Although the data below contains pictures, please reproduce only its words, exactly.
━━━ DATA SEGMENT ━━━
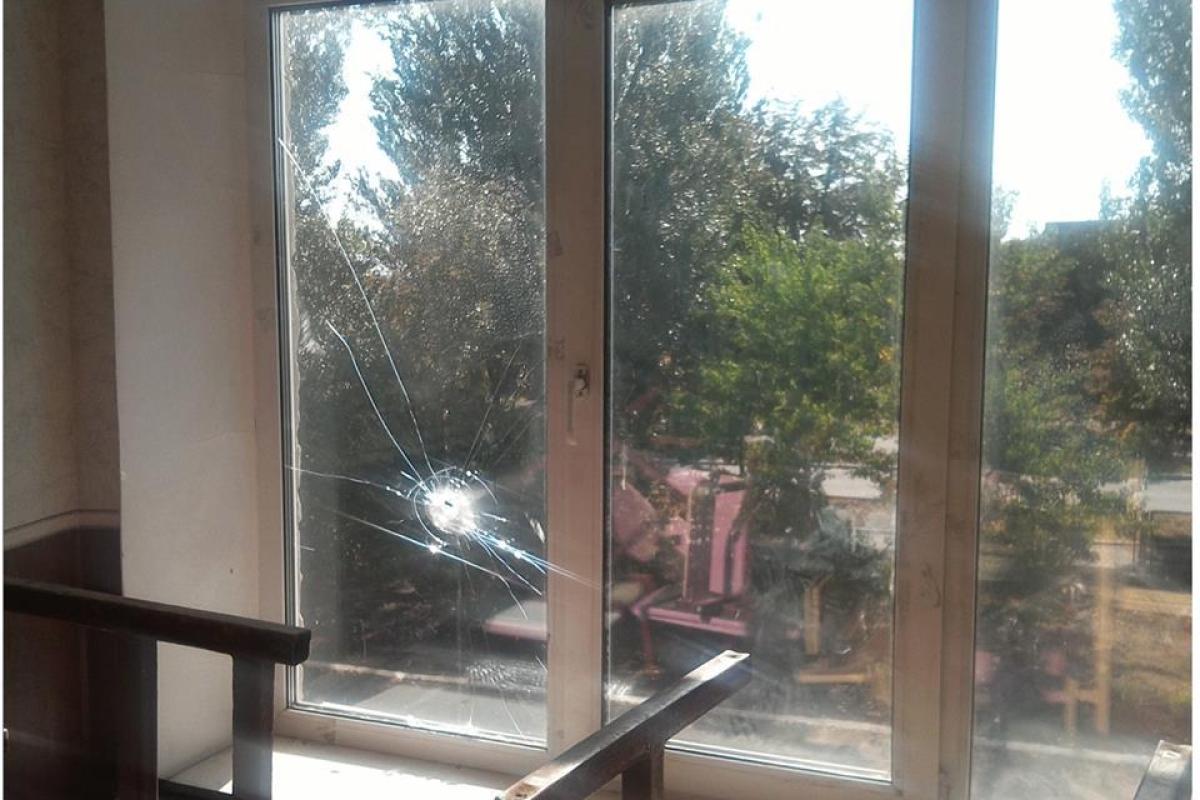 Боевики обстреляли школу в Марьинке: в здании повреждены окна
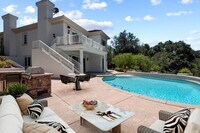 Building Photo - Lake Sherwood 5+4 Pool Home on the lake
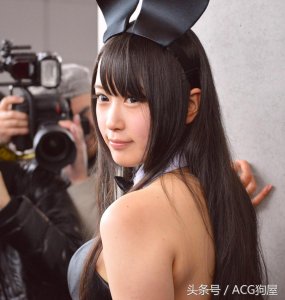 ​漫画家中的渣男？藤岛康介被爆脚踩3条船，抛弃妻女娶COSER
━━━
**ANSWER AREA**
 Боевики обстреляли школу в Марьинке: в здании повреждены окна
 Building Photo - Lake Sherwood 5+4 Pool Home on the lake
 ​漫画家中的渣男？藤岛康介被爆脚踩3条船，抛弃妻女娶COSER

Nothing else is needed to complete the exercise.